A neonate, born at 29 weeks’ gestation, was transferred with moderate abdominal distention and a large volume pneumoperitoneum. Upon arrival to the neonatal intensive care unit, the infant underwent peritoneal drain placement. At 2 weeks of age the infant developed recurrent pneumoperitoneum with associated leukocytosis. An exploratory laparotomy was performed to identify and treat the presumed bowel perforation. An abscess cavity was identified in the right lower quadrant with associated ileal perforation approximately 4 cm from the ileocecal valve. This abscess was drained, and the abnormal bowel was resected. No cause for the ileal perforation was identified.
Abdominal radiograph at 2 days of life revealed a large amount of pneumoperitoneum with a nonobstructive bowel gas pattern (Figure 1).
Spontaneous intestinal perforation.
Enterocolitis (NEC) is the most common cause of neonatal pneumoperitoneum. Less common causes include perforation related to bowel obstruction caused by meconium ileus, Hirschsprung disease, or intestinal atresia.1
Spontaneous intestinal perforation (SIP) is a focal bowel perforation without gross intestinal necrosis and lacking the radiographic and pathologic findings of NEC.2 One study estimated the incidence of SIP to be 1 in 5000 live births.3 SIP is more common in premature, low birth weight, and male infants with African American ancestry.2,4-6 Its etiology is unknown. However, several potential mechanisms have been hypothesized, including a congenital absence of intestinal musculature in the perforated segment, a focal area of ischemia, or fungal infection.3-7 Risk factors for SIP include a history of a patent ductus arteriosus with subsequent indomethacin treatment; a need for vasopressors; presence of an umbilical artery catheter, surfactant or steroid administration; and maternal antibiotic administration during labor/delivery.4-6, 8
It is often difficult to distinguish SIP from NEC. Neonates with SIP most commonly present with discoloration of the abdomen or inguinal region, sudden onset abdominal distention, and a decrease in bowel sounds.2,4-7 Signs of infection such as abdominal wall rigidity and tenderness are associated with NEC but are often absent in SIP.2,5 While there is variation in the reported age of onset, SIP is generally diagnosed within the first 2weeks of life.2-4,6,10 The average gestational age and birth weight is lower in cases diagnosed with SIP as compared to those diagnosed with NEC.

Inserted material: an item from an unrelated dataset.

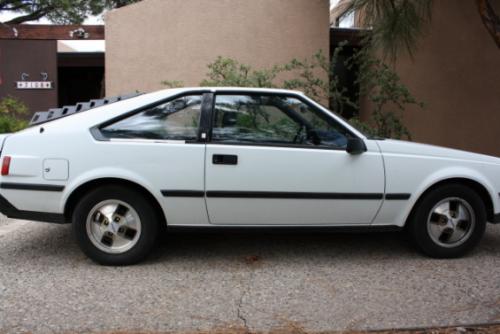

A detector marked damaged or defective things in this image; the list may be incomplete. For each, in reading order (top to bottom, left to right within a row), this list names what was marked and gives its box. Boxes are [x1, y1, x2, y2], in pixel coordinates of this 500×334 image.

cracked pavement [0, 218, 500, 332] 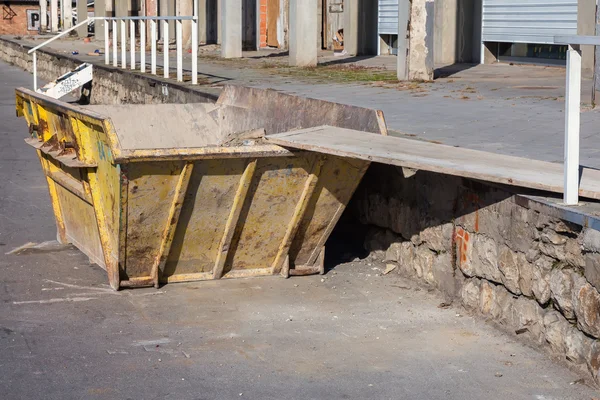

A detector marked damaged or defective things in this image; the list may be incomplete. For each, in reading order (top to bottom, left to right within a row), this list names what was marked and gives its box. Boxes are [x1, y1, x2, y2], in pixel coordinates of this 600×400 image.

rusty metal container [16, 86, 390, 290]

The diagnosis of SIP can be based on radiologic and pathologic findings. Plain abdominal radiographs often show a large volume of pneumoperitoneum but pneumatosis intestinalis is not present.2,4,7,8 At surgery a localized area of perforation is visible.2,6 SIP most commonly affects the ileum, as in our patient.4,5,8 Laboratory findings are nonspecific, but leukocytosis and thrombocytopenia may be suggestive of SIP.2,4,5
The standard treatment for SIP is laparotomy with resection of the perforated segment. A peritoneal drain often placed to drain residual fluid and gas.9 The survival rate is higher for SIP than for NEC, perhaps due to earlier detection and limited bowel involvement.2,6 Postoperative complications can include intestinal obstruction (19%), fistula formation and wound complications (13%), and sepsis with death (6%).4 However, the risk of adverse outcomes is greater with perforation from NEC than SIP.6 Unlike with NEC, SIP does not have long-term gastrointestinal complications.10
Spontaneous intestinal perforation should be considered in the premature neonate presenting with abdominal wall discoloration, distention, and a large volume of intraperitoneal free air. An abdominal radiograph can be used for diagnosis, showing free intraperitoneal air. In contrast to NEC, pneumatosis intestinalis is not present.